### Work instruction:
Copy out exactly the lines spanning the line with "The ultimate solution" to the line with "With DoForms, you", inclusive, from the data underneath, with no pictures.

### Recorded data:

● ● ● ● ● ● ●

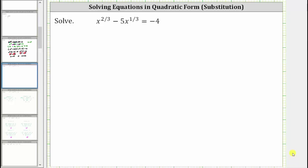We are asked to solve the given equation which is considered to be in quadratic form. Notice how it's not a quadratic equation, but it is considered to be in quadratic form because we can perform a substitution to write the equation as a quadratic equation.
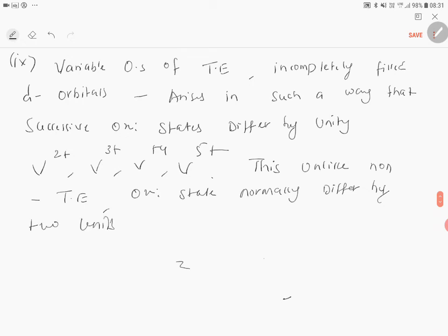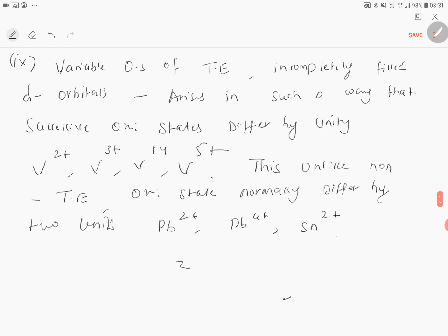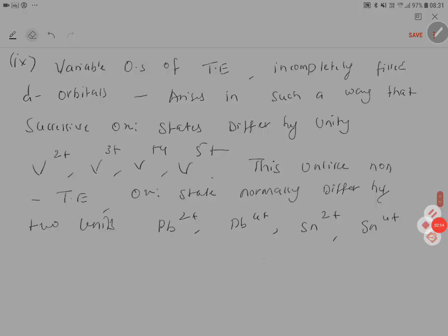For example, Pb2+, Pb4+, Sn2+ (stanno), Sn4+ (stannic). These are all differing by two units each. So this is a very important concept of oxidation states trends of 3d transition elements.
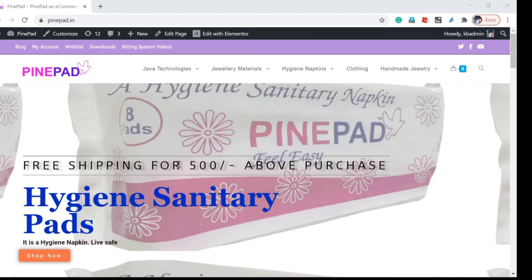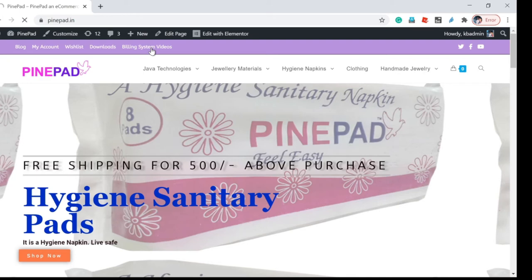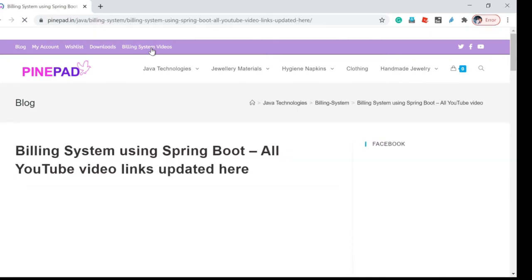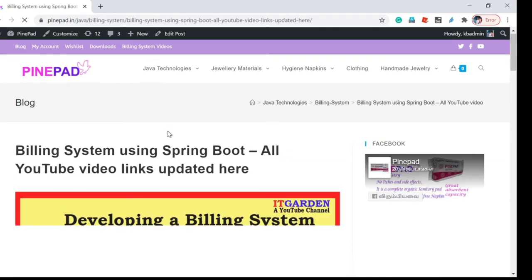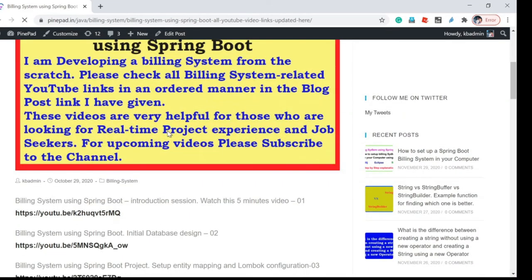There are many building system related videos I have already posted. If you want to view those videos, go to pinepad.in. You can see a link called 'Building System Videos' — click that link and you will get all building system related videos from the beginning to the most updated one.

● ● ● ● ● ● ●

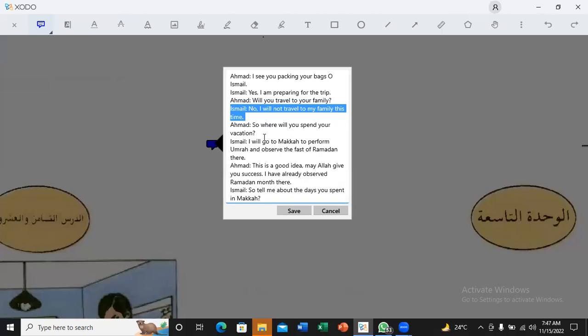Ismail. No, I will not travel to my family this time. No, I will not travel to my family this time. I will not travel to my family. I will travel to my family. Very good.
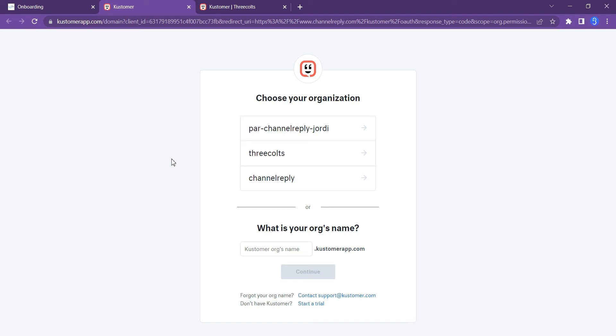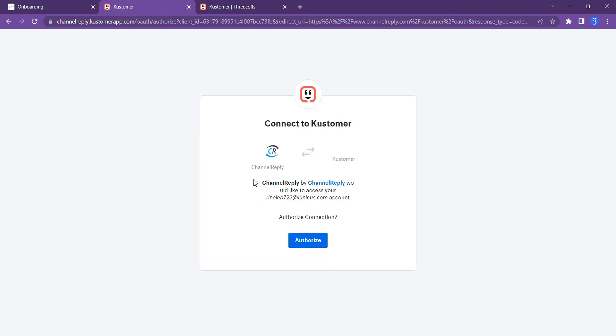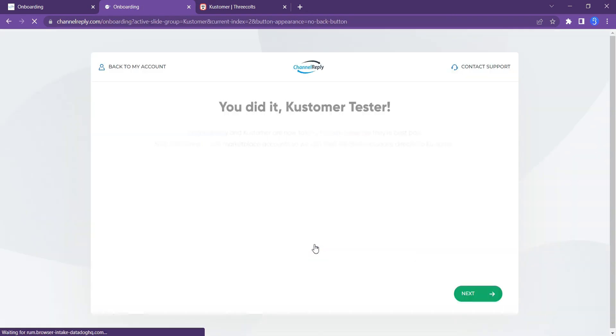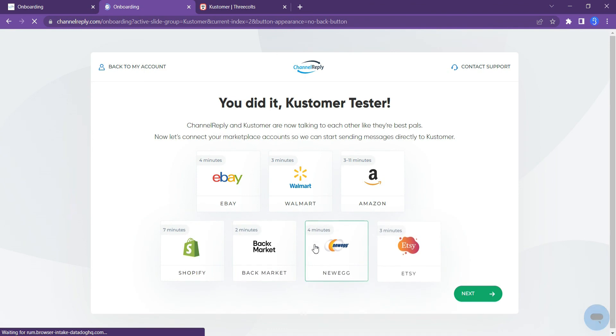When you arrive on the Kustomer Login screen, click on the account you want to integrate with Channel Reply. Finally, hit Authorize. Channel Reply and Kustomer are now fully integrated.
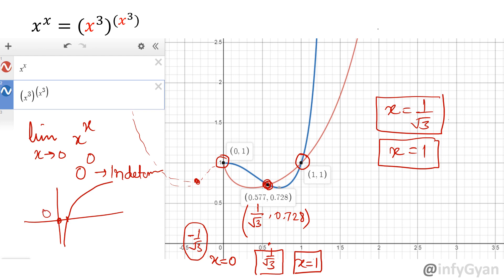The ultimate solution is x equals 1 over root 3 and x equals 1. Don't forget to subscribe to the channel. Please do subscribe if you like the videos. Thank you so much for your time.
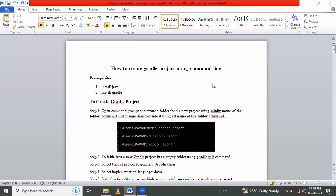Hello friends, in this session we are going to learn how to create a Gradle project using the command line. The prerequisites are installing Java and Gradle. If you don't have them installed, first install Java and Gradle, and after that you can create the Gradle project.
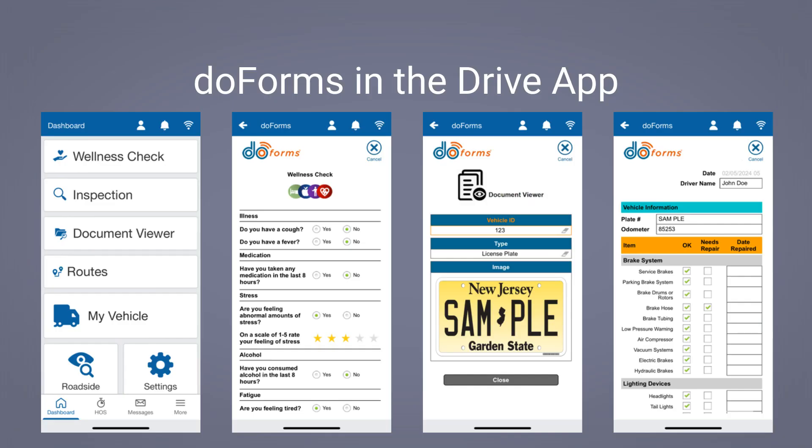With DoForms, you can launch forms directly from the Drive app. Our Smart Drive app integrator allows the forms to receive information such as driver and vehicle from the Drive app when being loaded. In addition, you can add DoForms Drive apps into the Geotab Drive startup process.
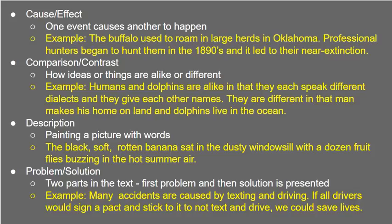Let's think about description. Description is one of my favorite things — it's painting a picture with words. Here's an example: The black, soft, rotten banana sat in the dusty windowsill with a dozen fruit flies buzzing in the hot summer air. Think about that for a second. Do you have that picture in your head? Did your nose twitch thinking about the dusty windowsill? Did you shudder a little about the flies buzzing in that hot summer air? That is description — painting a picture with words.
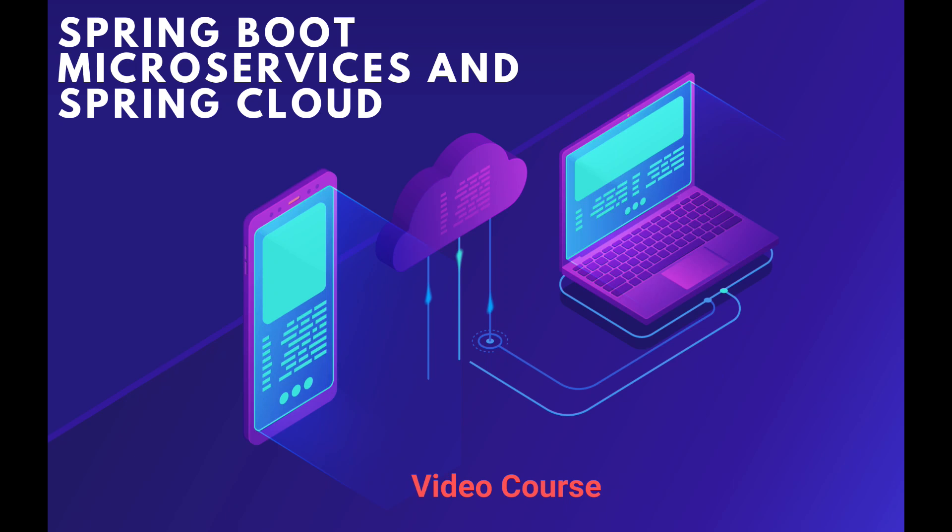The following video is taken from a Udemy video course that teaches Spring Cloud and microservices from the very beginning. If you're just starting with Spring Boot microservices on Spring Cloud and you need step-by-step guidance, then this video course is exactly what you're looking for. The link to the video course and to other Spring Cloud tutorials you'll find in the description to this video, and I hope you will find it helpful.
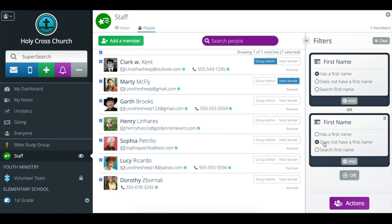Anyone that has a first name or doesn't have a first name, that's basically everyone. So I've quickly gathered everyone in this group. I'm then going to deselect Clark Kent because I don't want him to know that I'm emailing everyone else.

● ● ● ● ● ● ●

### Solution for this exercise:
The ultimate solution is x equals 1 over root 3 and x equals 1. Don't forget to subscribe to the channel. Please do subscribe if you like the videos. Thank you so much for your time.
Hello friends, in this session we are going to learn how to create a Gradle project using the command line. The prerequisites are installing Java and Gradle. If you don't have them installed, first install Java and Gradle, and after that you can create the Gradle project.
With DoForms, you can launch forms directly from the Drive app. Our Smart Drive app integrator allows the forms to receive information such as driver and vehicle from the Drive app when being loaded. In addition, you can add DoForms Drive apps into the Geotab Drive startup process.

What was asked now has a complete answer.